What kind of political subjects have been produced and are being produced by Asian Buddhist countries?
This is a topic that I have very little knowledge of, a question that I am not qualified to answer.
Also, as an ethnographic researcher of the types of American Buddhist sanghas you are commenting on, I think there are structural efforts (especially with teacher training models) being made to re-think race and class dynamics-whilst these are very modest they do come from a recognition of the patterns you trace so acknowledging them will make your analysis stronger rather than detract from it.

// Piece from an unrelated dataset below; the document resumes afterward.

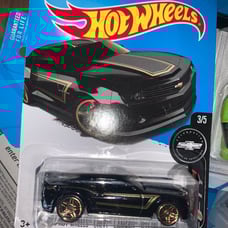 Hot Wheels 13' Camaro BLK/GLD SPECIAL ED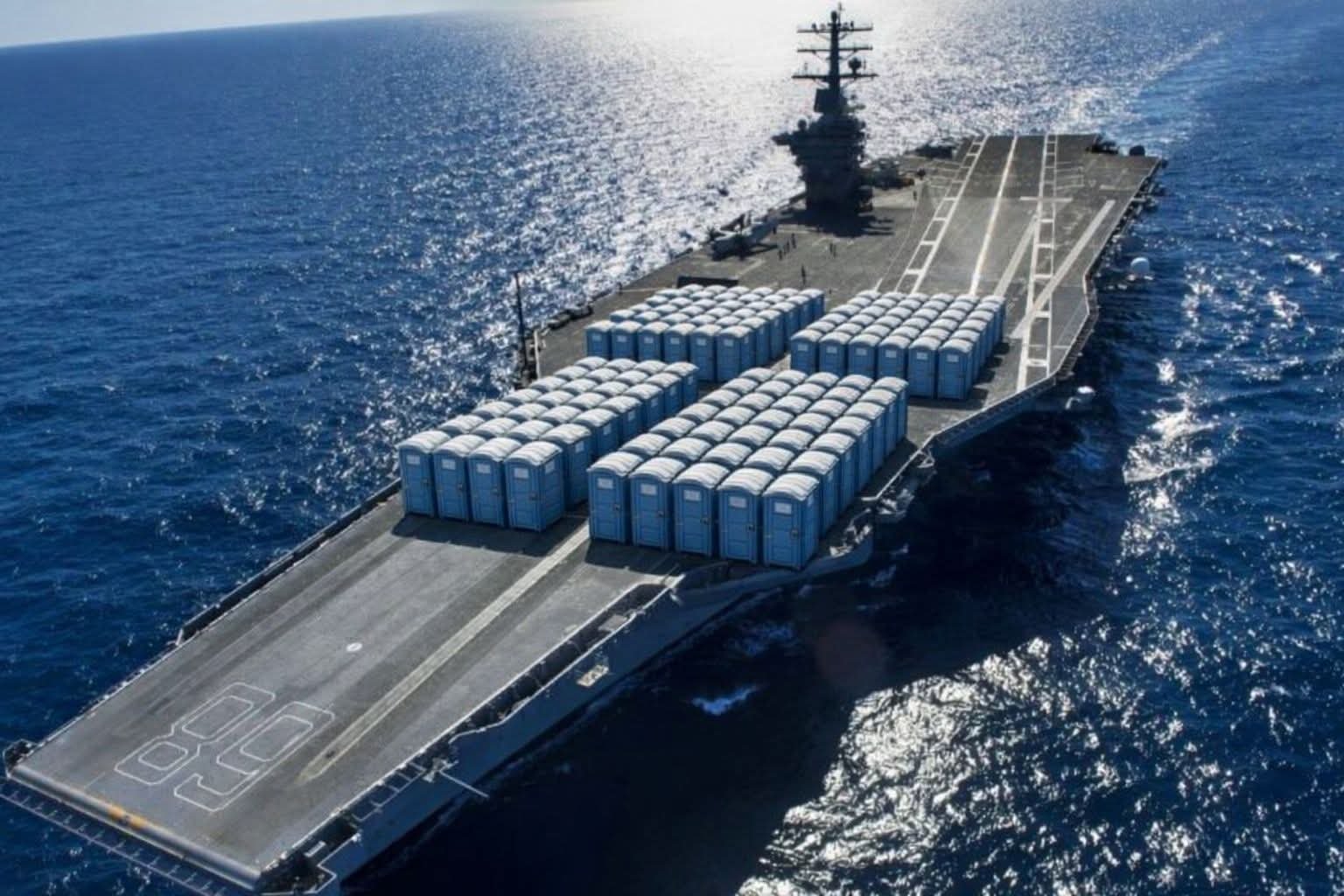 不知道伊朗看到甲板上一堆移動廁所的福特號開過來是什麼反應？福特航母厕所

There are Buddhist authors I have read who are tackling the issue of racism and gender oppression in contemporary Buddhism, but I have yet to attend a teaching on these topics. I live in Halifax, Nova Scotia, the international headquarters of Shambhala, and as well the site of several convert Tibetan groups, two Zen groups, and one Sinhalese Theravdin group. I have yet to see any leader from any of these communities give a teaching on racism and gender oppression in any of these communities. I myself tried to get a group started that would address these issues, but no one was interested. Such a discussion would poke a hole in the soothing bubble that encases people seeking to escape social distress in Buddhist communities. If it’s not a problem for them, it’s not a problem. And furthermore, even if it is a problem, they don’t want to hear about it. That’s all in the relative realm of samsara and they want to exist only in the perfect absolute realm of nirvana, where there is nothing that divides us by race, gender, class or any other social disadvantage.